WHAT YOU HAVE TO DO
Each line from the one that holds "a bedroom with" to the end of the records is to be retyped exactly. Pictures are not part of the copy.

Short descriptive text snippets
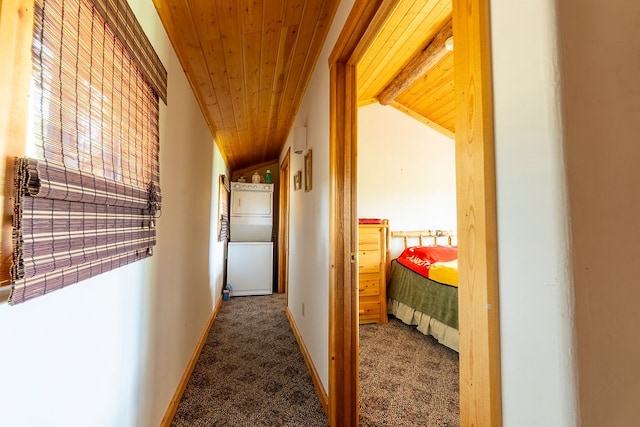 corridor with dark colored carpet, vaulted ceiling, and wooden ceiling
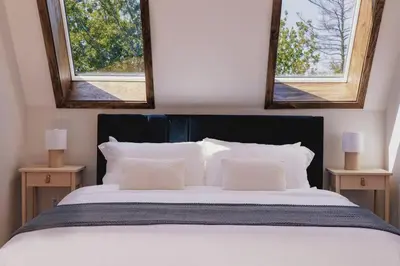 a bedroom with a large bed with two windows at Emberwood Lodge - Luxury Cabin, Kid Friendly in Catskill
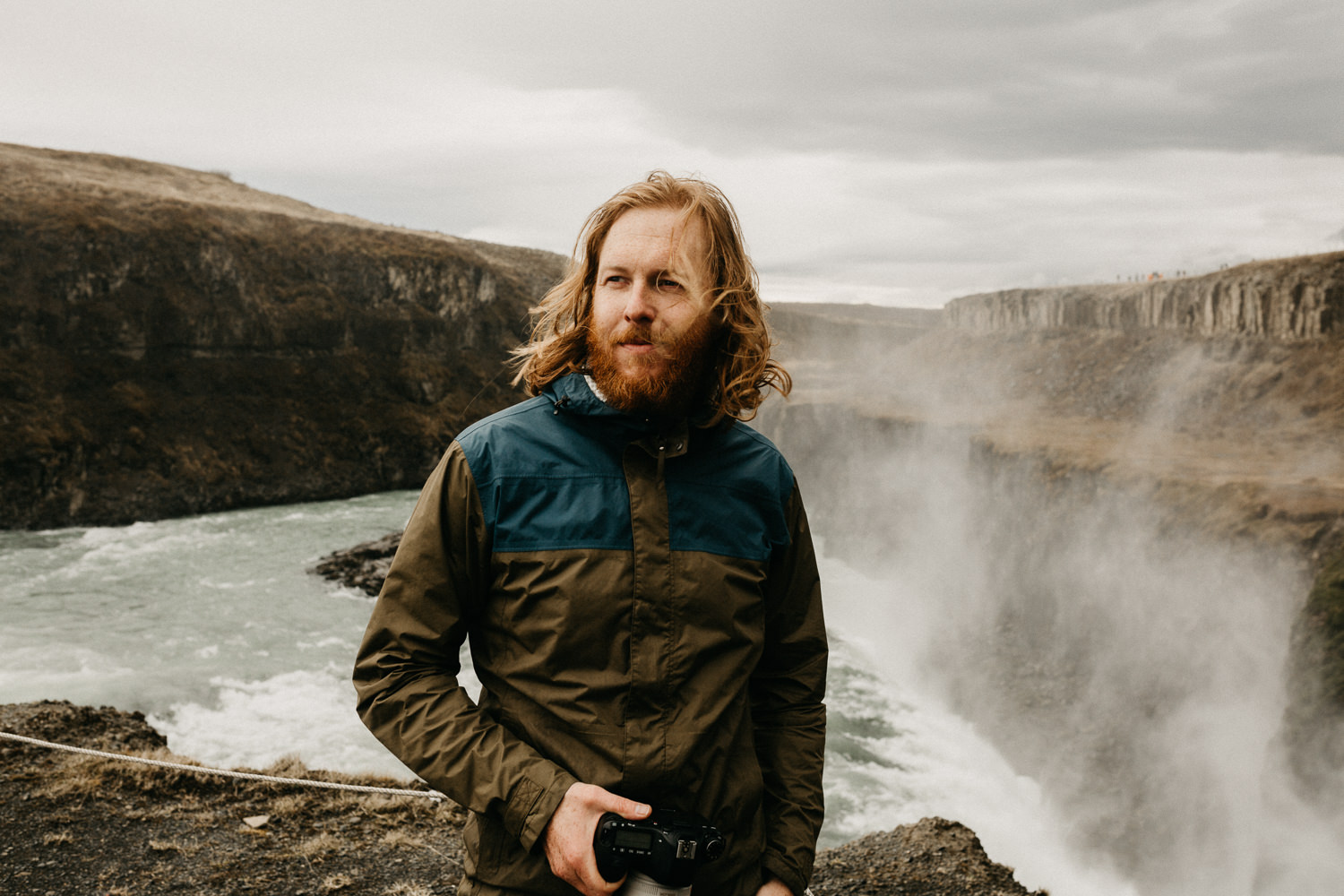 man stands near edge of gullfoss waterfall iceland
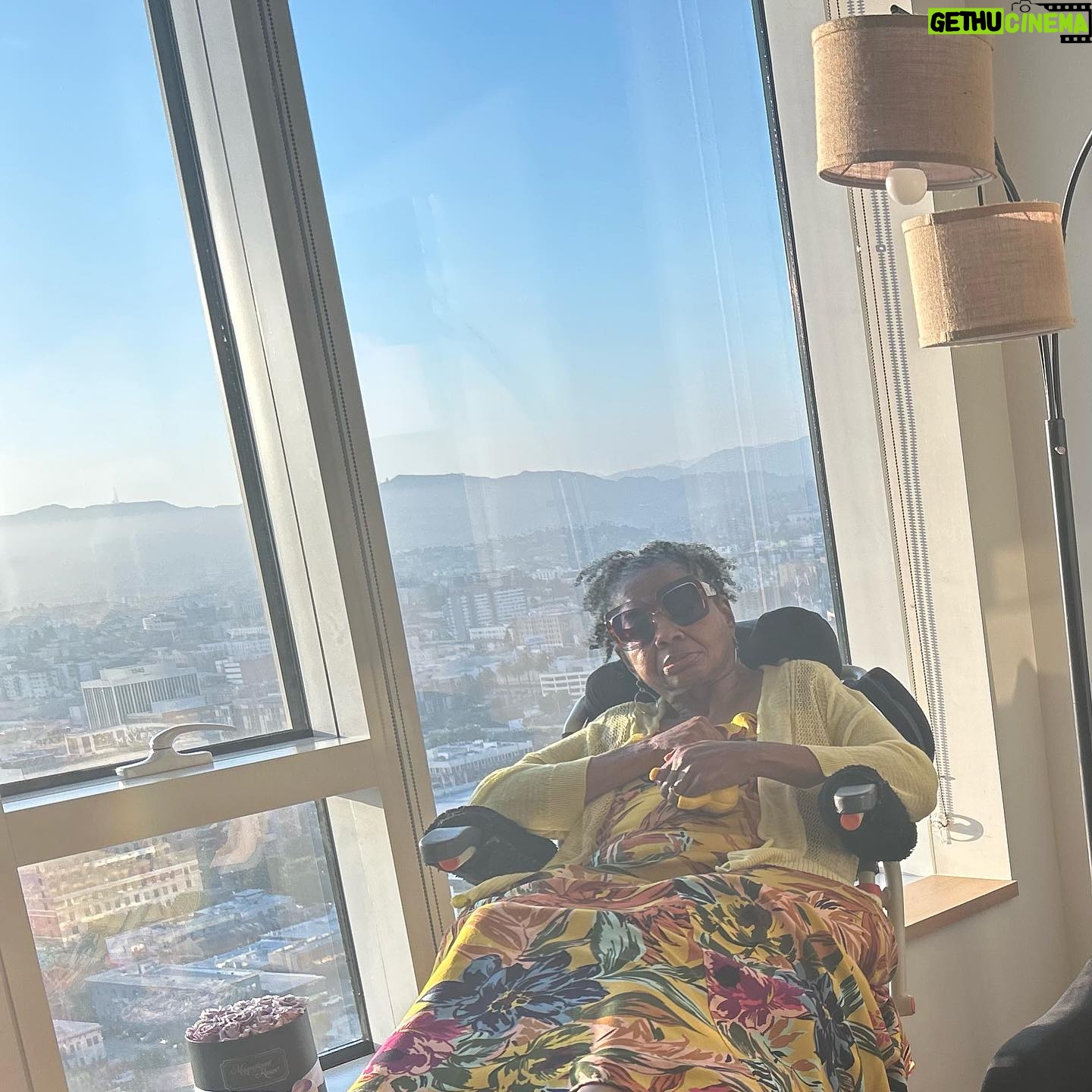 Brandee Evans Instagram - Momma’s like “Why didn’t I get to go to #EssenceFest!🙄” My caregiver just sent me these pics.🥹 Live footage of my momma patiently waiting on me to get back from @essencefest. Apparently she was living her best life watching live on @hulu I’ll be home soon momma. 🤗#CaregiverStrong Thanks for taking such good care of her Edith & Mary.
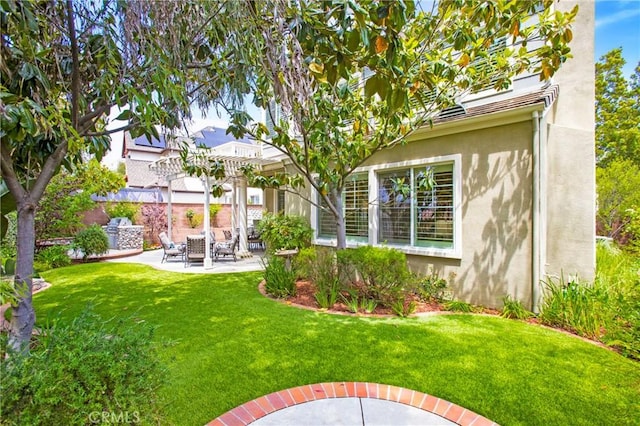 15 Beacon, Ladera Ranch, CA 92694 - rear view of house with stucco siding, a patio, and a lawn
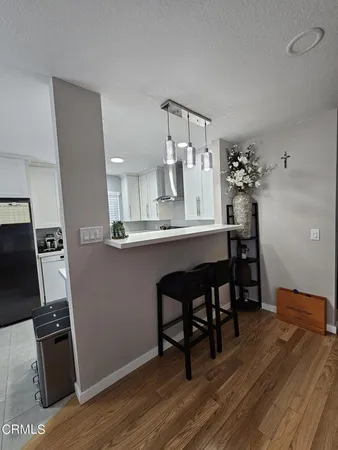 a dining room with furniture and wooden floor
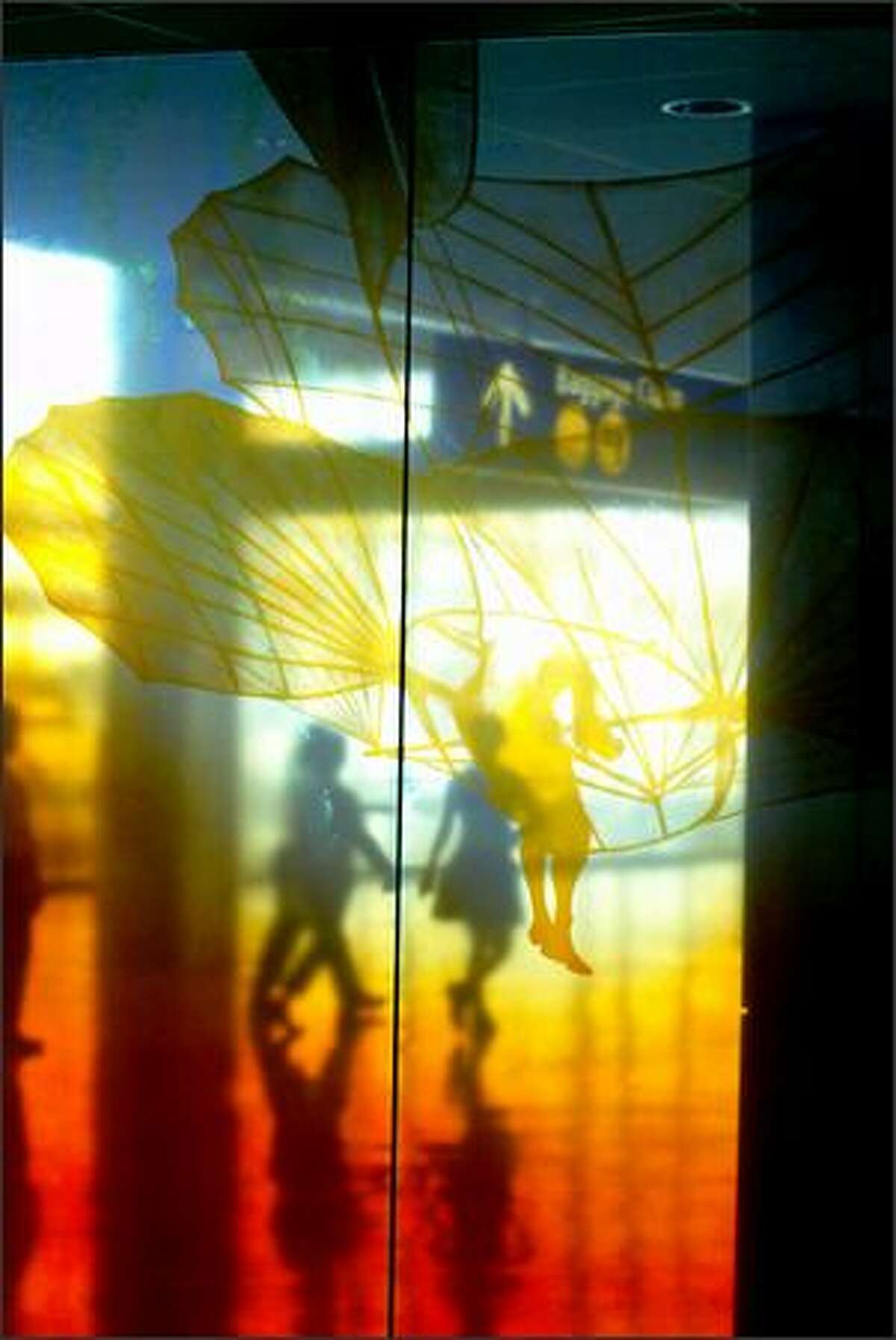 Passengers pass by the new amber glass wall installation that also serves as a security wall in the new Sea-Tac Concourse A. Linda Beaumont's "Traveling Light" comprises 82 painted and silk-screened glass panels.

SOLUTION TO THIS PROBLEM
 a bedroom with a large bed with two windows at Emberwood Lodge - Luxury Cabin, Kid Friendly in Catskill
 man stands near edge of gullfoss waterfall iceland
 Brandee Evans Instagram - Momma’s like “Why didn’t I get to go to #EssenceFest!🙄” My caregiver just sent me these pics.🥹 Live footage of my momma patiently waiting on me to get back from @essencefest. Apparently she was living her best life watching live on @hulu I’ll be home soon momma. 🤗#CaregiverStrong Thanks for taking such good care of her Edith & Mary.
 15 Beacon, Ladera Ranch, CA 92694 - rear view of house with stucco siding, a patio, and a lawn
 a dining room with furniture and wooden floor
 Passengers pass by the new amber glass wall installation that also serves as a security wall in the new Sea-Tac Concourse A. Linda Beaumont's "Traveling Light" comprises 82 painted and silk-screened glass panels.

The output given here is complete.